Furnished flats: Consider furniture surcharge
For furnished or partly furnished flats, a surcharge on the local rent can be applied – but only if:
- this surcharge is included in the rent index or
- it is realistically achievable on the market
Not permitted: Surcharges based on depreciation or flat-rate percentage surcharges (BFH ruling of 06.02.2018, IX R 14/17).
How is the local rent determined?
The local rent is usually derived from the local rent index.
Alternatively (e.g. if there is no rent index):
- Expert opinion
- Information from rent database
- Comparison with at least three comparable flats
A single comparable rent in the same building is not sufficient if there is a valid rent index (BFH ruling of 22.02.2021, IX R 7/20).
Special case: Large or luxurious properties
For very large or high-quality flats (e.g. villas over 250 m², swimming pool), a total surplus forecast may be required despite compliance with the 66% limit (BFH ruling of 20.06.2023, IX R 17/21).
- Case study:
Parents rent three villas to their children, each with > 250 m² living space.
The rental leads to high losses, which are to be offset against other income.
→ Not allowed, as there is no intention to generate income.
- Reason:
The market rent often does not realistically reflect the special residential value of such properties.
Long-term loss-making activity indicates hobby – losses are not deductible for tax purposes.
Rules for renting to relatives
Reduced-rate rental: Comparative calculation with apportionable service charges
Flats are often rented to relatives at a price below the local market rate. Such discounted rentals are advantageous for tax purposes because, on the one hand, only lower rental income needs to be taxed and, on the other hand, expenses can be fully deducted as income-related expenses.
There was an important change on 1 January 2021:
- If the agreed rent is at least 66% of the local market rent, the expenses can be fully deducted as income-related expenses.
- If the agreed rent is between 50% and 66% of the market rent, the intention to generate income must be checked, and a profit forecast is required:
- If the profit forecast is positive, the income-related expenses can be fully deducted.

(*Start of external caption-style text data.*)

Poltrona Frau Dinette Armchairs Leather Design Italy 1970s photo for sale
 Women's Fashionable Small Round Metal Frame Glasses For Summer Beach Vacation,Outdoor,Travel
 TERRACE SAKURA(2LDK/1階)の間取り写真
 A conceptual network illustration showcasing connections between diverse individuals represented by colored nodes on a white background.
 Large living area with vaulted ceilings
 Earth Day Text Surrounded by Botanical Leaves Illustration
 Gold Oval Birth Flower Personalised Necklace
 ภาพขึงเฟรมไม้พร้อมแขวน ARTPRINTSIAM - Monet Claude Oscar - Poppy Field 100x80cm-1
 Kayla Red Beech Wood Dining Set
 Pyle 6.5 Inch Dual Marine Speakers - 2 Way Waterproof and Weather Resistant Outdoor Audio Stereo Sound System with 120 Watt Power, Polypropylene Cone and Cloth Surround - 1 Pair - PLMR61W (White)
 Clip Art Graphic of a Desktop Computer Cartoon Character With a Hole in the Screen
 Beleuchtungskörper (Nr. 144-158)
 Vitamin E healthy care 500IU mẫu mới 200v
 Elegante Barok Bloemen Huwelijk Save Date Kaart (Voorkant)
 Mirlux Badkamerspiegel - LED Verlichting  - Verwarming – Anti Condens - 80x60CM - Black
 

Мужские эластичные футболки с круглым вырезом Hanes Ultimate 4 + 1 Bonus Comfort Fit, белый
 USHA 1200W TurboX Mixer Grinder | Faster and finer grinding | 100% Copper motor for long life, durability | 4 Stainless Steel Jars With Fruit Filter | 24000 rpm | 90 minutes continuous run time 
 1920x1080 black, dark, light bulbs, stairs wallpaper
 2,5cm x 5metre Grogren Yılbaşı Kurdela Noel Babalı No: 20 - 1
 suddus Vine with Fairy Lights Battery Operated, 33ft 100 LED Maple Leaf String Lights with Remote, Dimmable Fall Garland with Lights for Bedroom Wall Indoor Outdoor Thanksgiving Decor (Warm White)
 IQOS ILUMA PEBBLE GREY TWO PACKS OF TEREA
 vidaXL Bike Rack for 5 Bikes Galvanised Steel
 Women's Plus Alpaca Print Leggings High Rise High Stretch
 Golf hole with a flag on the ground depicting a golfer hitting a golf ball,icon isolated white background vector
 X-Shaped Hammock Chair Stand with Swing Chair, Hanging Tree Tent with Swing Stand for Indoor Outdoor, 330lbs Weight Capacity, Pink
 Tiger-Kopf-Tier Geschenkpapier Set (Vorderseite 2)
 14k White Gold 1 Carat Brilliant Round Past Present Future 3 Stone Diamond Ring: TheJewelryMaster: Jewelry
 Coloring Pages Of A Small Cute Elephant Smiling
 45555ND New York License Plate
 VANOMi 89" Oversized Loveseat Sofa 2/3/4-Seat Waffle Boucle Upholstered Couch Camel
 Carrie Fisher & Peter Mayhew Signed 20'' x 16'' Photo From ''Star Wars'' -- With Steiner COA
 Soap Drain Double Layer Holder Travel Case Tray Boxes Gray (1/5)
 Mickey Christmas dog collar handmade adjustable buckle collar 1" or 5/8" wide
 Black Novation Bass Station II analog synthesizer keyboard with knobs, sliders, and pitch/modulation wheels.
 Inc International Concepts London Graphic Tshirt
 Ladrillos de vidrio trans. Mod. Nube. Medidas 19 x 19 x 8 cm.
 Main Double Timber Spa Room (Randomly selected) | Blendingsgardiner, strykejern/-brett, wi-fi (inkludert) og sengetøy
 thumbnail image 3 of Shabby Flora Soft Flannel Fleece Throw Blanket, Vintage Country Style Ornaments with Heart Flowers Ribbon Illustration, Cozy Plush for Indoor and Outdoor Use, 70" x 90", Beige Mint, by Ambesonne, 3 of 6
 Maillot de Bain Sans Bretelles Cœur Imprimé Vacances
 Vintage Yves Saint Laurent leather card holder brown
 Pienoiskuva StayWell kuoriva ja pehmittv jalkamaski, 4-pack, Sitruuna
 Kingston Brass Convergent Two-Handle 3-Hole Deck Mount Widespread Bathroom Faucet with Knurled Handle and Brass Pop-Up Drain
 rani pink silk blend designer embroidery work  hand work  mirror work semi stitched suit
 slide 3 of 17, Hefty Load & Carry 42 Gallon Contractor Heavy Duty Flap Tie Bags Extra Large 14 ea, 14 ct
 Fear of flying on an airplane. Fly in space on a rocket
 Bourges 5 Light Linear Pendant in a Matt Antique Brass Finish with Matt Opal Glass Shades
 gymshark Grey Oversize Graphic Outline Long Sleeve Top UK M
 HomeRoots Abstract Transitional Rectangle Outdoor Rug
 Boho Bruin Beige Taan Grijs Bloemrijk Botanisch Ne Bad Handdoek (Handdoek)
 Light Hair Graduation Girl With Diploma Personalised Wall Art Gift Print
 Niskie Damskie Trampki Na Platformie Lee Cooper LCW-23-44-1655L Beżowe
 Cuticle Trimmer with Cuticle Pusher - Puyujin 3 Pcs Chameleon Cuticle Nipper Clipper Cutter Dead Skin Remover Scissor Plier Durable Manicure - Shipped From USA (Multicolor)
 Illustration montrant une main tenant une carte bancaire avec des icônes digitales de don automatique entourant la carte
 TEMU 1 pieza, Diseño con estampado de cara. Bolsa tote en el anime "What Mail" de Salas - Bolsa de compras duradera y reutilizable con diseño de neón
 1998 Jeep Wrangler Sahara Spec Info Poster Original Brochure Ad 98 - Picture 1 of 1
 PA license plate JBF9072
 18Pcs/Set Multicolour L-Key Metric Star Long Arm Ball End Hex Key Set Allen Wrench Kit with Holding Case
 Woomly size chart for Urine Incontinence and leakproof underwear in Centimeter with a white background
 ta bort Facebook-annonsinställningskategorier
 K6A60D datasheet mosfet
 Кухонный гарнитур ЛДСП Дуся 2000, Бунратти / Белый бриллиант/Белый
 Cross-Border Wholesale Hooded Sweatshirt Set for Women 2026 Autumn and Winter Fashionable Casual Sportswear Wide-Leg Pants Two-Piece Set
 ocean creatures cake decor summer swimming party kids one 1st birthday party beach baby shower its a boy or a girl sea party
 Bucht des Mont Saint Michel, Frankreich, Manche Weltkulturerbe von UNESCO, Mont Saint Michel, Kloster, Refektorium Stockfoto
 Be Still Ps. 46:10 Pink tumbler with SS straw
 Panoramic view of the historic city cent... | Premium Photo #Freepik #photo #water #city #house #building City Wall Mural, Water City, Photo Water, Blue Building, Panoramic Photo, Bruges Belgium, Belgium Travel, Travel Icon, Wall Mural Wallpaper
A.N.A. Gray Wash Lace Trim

- If the profit forecast is negative, the income-related expenses must be apportioned and can only be partially deducted.
- If the agreed rent is less than 50% of the local market rent, the use must be divided into a paid and an unpaid part. Expenses can only be deducted as income-related expenses in proportion to the paid part.
The Federal Fiscal Court has clarified that for the comparison calculation, "local rent" means the gross rent or warm rent. Consequently, the costs that may be passed on according to the Operating Costs Ordinance must be added to the comparable cold rent (BFH ruling of 10 May 2016, IX R 44/15).
The "local market rent" includes the cold rent plus the apportionable costs for flats of comparable type, location, and equipment.
The costs apportionable according to the Operating Costs Ordinance include, in particular, property tax, costs for water and sewage, heating, street cleaning and waste disposal, lighting, garden maintenance, chimney cleaning, property and liability insurance, and for the caretaker (§ 2 BetrKV). Maintenance and repair costs are not included according to § 1 BetrKV. Therefore, the warm rent paid is compared with the local warm rent (see also R 21.3 EStR).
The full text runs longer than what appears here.